Are Palestinians in working class?
(Reply to a reader column)
 
BY SETH GALINSKY  
Yuval Adom writes, “most Palestinians (in the occupied territories) are not ‘workers.’” Instead, he says, they live “on the very edges of survival.” (See letter below.)

Adom raises an important question. Are Palestinian Arabs in the West Bank and Gaza Strip, and inside Israel itself, part of the working class? Or is the struggle in Palestine a special case where the laws of motion of the class struggle don’t apply?

The question can be posed a different way. Is it possible to fight to end the oppression of the Palestinian people? If so, what class will lead that struggle? Where can it find allies? What should they fight for?

Adom says most of the 2.5 million Palestinians who live in the Israeli-occupied West Bank are not workers. Although unemployment is high, people in the West Bank hold a wide variety of jobs. They work for Palestinian-owned businesses and farms, the Palestinian National Authority, on farms owned by Jewish settlers, in Israeli-owned industrial parks in the West Bank, or inside Israel.

Thousands work on farms run by Jewish settlers in the Jordan Valley alone. In one of the largest of the industrial parks, near the Barkan Jewish settlement, there are 2,400 Palestinian workers from the West Bank at 120 businesses including plastics, metal-work, food-processing, and textile plants.

Some 25,000 West Bank Palestinians have permits that allow them to work in Israel, mostly in construction, agriculture, and cleaning buildings. In addition to those with permits, some 50,000 work in Israel “illegally,” according to Kav LaOved (Worker’s Hotline). There are also thousands of small and not-so-small farmers who tend citrus and date groves or plant tomato, wheat, and barley fields.

In the Gaza Strip there are 70,000 mostly small farms and 30,000 farm workers. Since the beginning of the Israeli blockade in 2007 thousands of Palestinians lost their jobs in Israel and most factories in Gaza were forced to close. Most Gaza residents are now dependent on handouts from the United Nations, other aid groups, or “charities” run by Hamas, a bourgeois party. This does not advance their self-confidence, class-consciousness, or ability to organize. That’s why demanding an end to the blockade and the opening of border crossings is so important.

Adom seems to ignore the Palestinian Arab citizens of Israel. Like Palestinians in Gaza and the West Bank—and like Jewish citizens of Israel—they are class-divided. There are some Palestinians who own capitalist businesses or farms and exploit wage labor.

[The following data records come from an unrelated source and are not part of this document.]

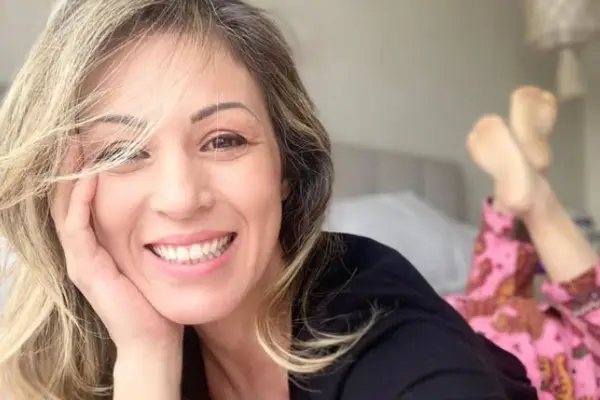 Ariela Medeiros volvió a sus redes sociales ,Instagram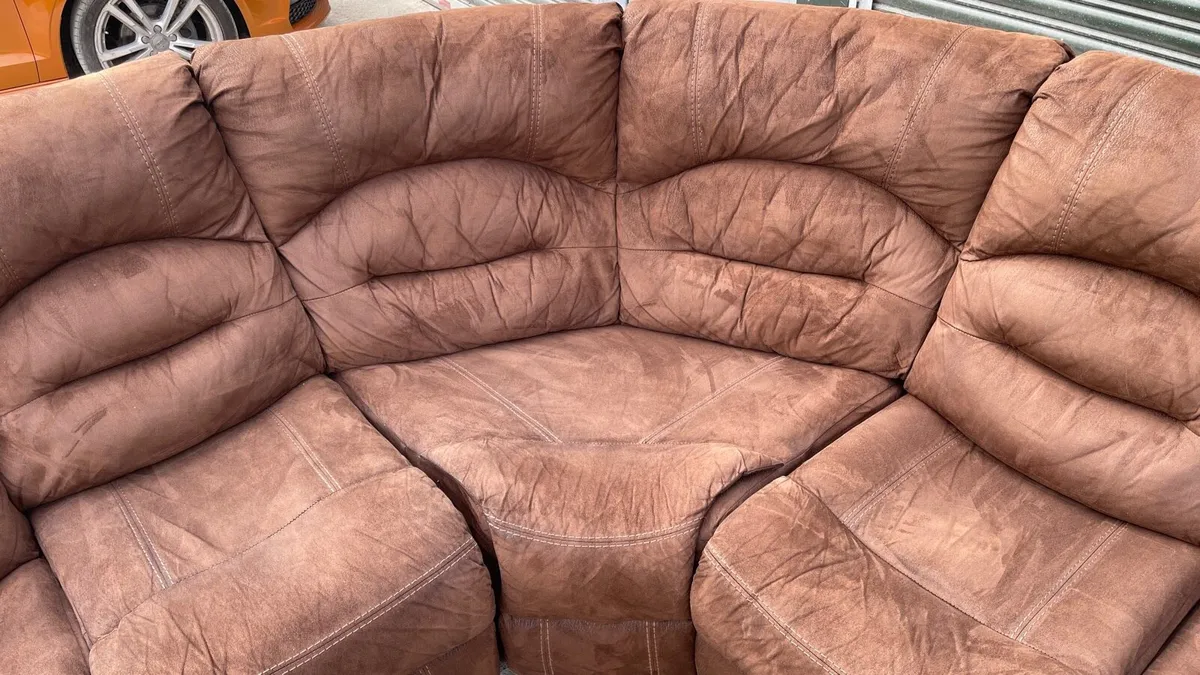 Large corner sofa - Image 3
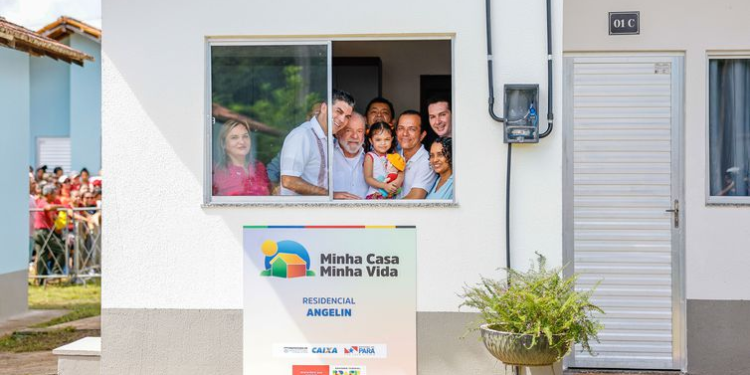 Governo prevê contratação de 230 mil moradias em 2023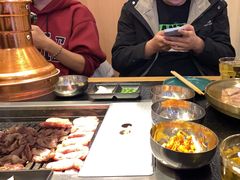 -臻牛烤肉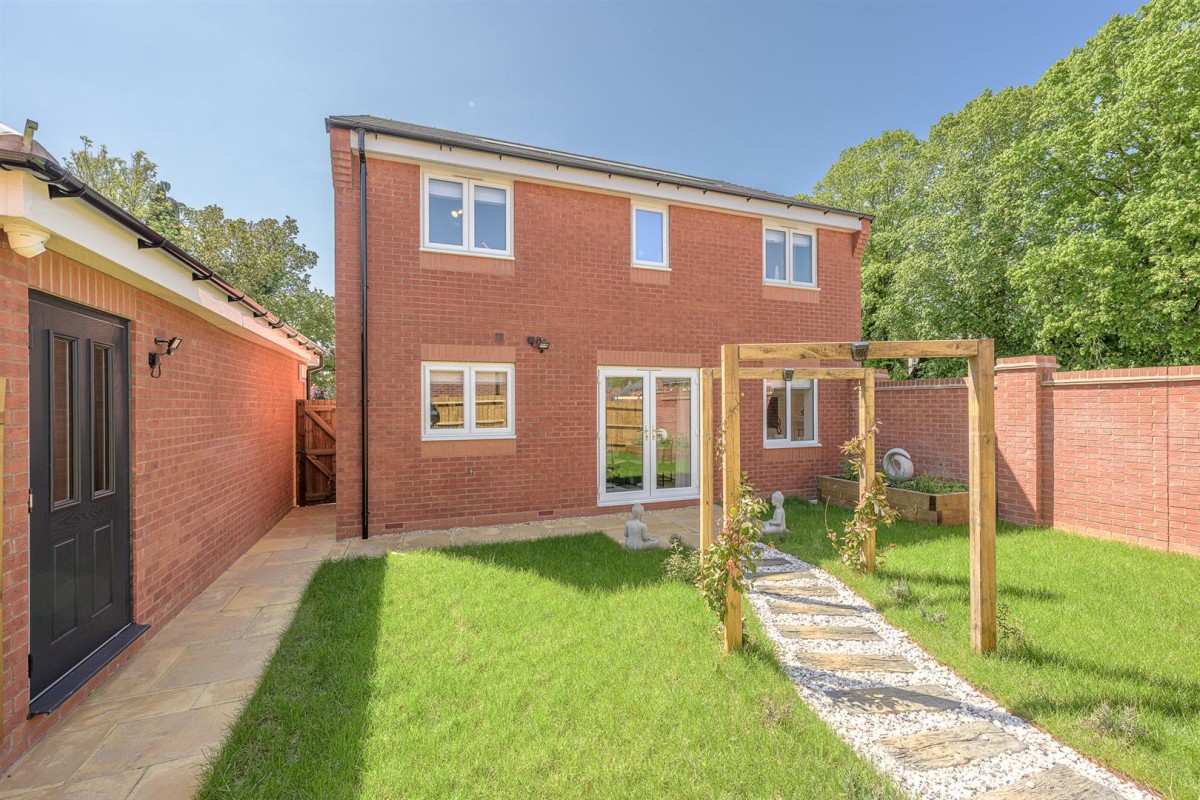 Pauline Hayward Drive, Blakedown, Kidderminster, DY10 3GU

In Israel more than 21 percent of farm workers, almost 43 percent of construction workers, and more than 15 percent of industrial workers are Palestinian Arabs, according to Sawt el-Amel (The Laborer’s Voice). Unlike in Gaza or the West Bank, it is impossible for the Israeli rulers to put up a fence to control the flow of their labor or remove them at will from their jobs.

Palestinians often work side-by-side with Jews and immigrants. And it is not uncommon for Jewish, Palestinian, and immigrant workers to join in common struggle to resist the employers’ attempts to make working people pay for the capitalist economic crisis. The capitalist rulers in Tel Aviv, like their counterparts around the world, will deepen their assault on working people in the months and years ahead.

Workers and small farmers will play a decisive role in the fight by Palestinians for land, water, travel, language, and women’s rights, against racist discrimination, and for the right to return to their homeland. These battles will open the road to a revolutionary struggle for a democratic, secular Palestine for all who live there. And they will draw in Jewish workers and others in Israel and inspire workers, farmers, and youth throughout region.